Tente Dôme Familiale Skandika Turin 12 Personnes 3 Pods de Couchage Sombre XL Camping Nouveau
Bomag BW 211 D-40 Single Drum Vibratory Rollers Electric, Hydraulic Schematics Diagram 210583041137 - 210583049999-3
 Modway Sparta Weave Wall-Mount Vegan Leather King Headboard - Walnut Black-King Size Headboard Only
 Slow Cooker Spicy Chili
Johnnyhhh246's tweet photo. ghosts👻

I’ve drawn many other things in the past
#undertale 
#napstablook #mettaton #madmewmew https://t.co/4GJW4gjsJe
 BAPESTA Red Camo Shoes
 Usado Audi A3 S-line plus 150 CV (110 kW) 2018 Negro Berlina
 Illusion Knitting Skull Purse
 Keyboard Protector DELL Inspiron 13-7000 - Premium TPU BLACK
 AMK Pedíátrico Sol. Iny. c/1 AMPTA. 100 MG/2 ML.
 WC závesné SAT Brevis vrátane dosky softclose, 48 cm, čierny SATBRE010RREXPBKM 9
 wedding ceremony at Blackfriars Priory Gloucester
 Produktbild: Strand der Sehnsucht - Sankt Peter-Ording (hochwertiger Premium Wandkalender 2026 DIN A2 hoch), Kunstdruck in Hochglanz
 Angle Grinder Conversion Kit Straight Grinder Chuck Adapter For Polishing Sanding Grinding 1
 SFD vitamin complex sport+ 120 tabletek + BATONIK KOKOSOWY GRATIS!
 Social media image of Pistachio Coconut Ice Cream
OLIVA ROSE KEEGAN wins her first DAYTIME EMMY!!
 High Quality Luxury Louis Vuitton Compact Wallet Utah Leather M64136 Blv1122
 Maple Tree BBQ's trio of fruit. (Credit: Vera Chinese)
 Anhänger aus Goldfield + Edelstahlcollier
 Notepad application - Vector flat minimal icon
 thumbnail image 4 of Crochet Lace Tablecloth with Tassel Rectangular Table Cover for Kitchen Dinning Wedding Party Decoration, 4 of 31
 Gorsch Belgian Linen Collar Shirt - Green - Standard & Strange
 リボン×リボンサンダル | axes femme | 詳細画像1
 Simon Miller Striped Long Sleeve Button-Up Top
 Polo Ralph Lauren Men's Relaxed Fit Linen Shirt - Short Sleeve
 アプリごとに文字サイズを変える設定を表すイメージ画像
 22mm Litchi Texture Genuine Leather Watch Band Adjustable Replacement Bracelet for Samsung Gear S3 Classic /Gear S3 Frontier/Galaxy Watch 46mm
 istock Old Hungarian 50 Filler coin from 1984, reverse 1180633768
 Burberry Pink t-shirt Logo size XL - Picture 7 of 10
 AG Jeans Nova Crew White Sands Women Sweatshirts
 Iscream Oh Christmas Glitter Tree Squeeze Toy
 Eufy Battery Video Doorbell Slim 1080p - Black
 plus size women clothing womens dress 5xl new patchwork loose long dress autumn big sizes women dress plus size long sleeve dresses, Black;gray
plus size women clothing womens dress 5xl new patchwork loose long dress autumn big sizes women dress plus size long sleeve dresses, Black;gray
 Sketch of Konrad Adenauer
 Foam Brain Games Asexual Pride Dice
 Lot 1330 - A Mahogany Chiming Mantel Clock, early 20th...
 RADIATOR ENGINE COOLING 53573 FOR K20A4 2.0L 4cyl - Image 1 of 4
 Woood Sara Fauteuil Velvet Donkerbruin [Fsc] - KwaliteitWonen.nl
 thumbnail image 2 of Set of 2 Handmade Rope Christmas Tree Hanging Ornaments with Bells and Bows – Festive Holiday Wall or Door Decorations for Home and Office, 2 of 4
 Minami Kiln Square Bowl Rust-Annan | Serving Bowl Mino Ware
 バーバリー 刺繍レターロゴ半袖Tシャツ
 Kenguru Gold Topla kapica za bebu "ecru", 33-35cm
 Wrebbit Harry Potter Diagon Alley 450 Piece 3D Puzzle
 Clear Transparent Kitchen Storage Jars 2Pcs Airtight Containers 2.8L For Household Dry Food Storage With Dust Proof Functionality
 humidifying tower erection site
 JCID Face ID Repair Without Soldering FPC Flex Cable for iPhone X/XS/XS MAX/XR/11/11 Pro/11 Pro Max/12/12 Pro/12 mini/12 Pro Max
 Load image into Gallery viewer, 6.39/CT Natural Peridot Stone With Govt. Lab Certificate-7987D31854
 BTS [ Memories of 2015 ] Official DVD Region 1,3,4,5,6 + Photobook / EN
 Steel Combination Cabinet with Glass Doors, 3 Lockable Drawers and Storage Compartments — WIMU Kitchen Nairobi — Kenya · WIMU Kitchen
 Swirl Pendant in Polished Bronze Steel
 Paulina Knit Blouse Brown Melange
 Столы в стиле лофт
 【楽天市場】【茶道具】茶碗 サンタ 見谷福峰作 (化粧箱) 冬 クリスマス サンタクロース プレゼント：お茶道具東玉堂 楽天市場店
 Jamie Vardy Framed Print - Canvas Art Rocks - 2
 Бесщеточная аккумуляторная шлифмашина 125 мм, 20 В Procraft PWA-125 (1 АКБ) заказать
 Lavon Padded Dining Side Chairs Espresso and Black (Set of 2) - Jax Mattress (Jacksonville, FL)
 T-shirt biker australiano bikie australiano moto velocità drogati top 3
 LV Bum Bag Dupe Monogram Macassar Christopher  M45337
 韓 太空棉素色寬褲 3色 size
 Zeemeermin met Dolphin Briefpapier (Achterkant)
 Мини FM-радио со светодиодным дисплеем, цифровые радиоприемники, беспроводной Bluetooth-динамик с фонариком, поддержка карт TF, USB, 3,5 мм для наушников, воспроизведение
——————
**Your objective**
Return a copy of every line in the records that includes the string "sizes".

**Problem solution**
 plus size women clothing womens dress 5xl new patchwork loose long dress autumn big sizes women dress plus size long sleeve dresses, Black;gray
plus size women clothing womens dress 5xl new patchwork loose long dress autumn big sizes women dress plus size long sleeve dresses, Black;gray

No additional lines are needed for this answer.